Das Amtsgericht Schweinfurt hat einen 44-jährigen Mann aus der Stadt wegen Sozialleistungsbetrugs zu einer Geldstrafe von 10.500 Euro verurteilt.

Schweinfurt (dts Nachrichtenagentur) - Das Hauptzollamt Schweinfurt teilte am Donnerstag mit, dass der Familienvater über mehr als zwei Jahre hinweg zu Unrecht Bürgergeld bezogen hatte, während seine Frau als Fitness-Influencerin mit über 80.000 Followern auf Instagram erhebliche Einnahmen erzielte. Diese wurden dem zuständigen Jobcenter nicht gemeldet. Die Ermittlungen der Finanzkontrolle Schwarzarbeit waren durch einen anonymen Hinweis auf die Social-Media-Aktivitäten der Ehefrau angestoßen worden. Bei einer Durchsuchung fanden die Beamten über 40.000 Euro Bargeld, versteckt in einer Küchenkommode, sowie Hinweise auf ausländische Konten.

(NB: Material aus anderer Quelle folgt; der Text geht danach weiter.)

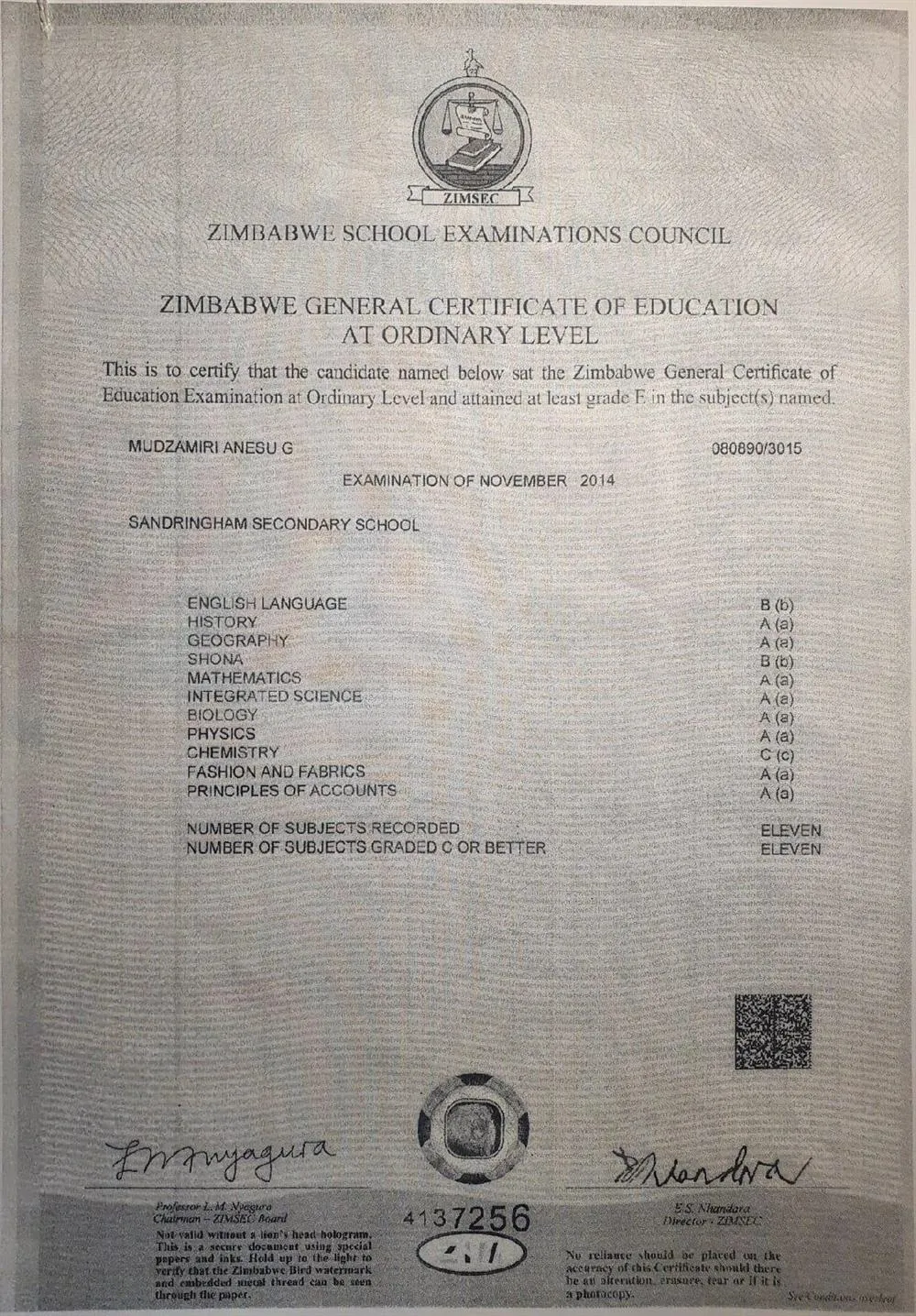 Ordinary Level Certificate 
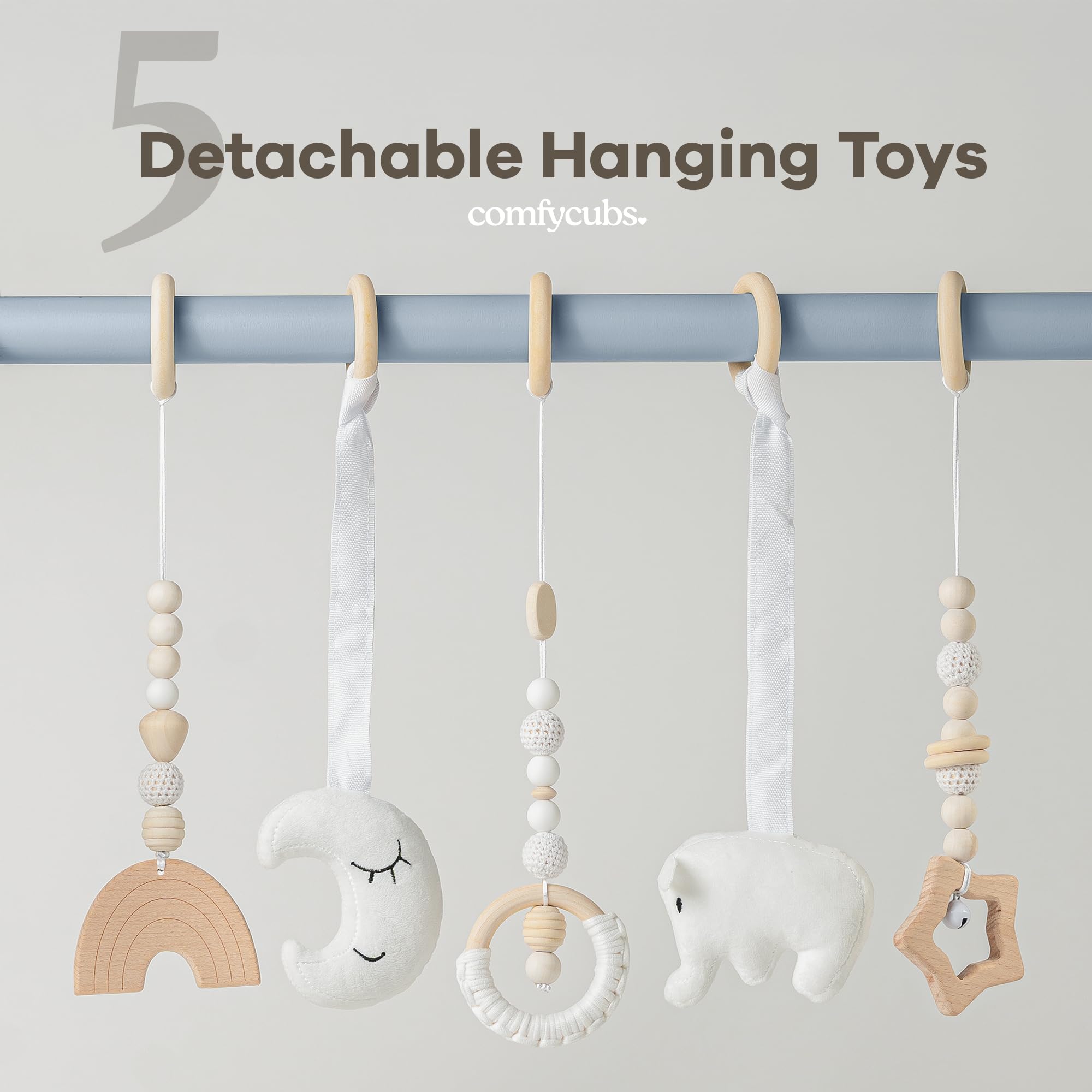 Comfy Cubs five-sensory hanging toys highlight visual and tactile stimulation for babies.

Zur Verschleierung des Vermögens war ein privat genutzter Tesla auf einen Bekannten angemeldet worden. Während der Durchsuchung versuchte der Beschuldigte zudem, Beweise auf dem Smartphone seiner Frau zu löschen. Das Gericht verurteilte den Mann zu einer Geldstrafe von 150 Tagessätzen zu je 70 Euro. Er muss zudem die zu Unrecht bezogenen Leistungen in Höhe von mehr als 32.000 Euro zurückzahlen.

Ein Sprecher des Hauptzollamts bezeichnete den Fall als "besondere Form der Dreistigkeit", da sich die Familie parallel zum Sozialleistungsbezug einen luxuriösen Lebensstil finanziert habe.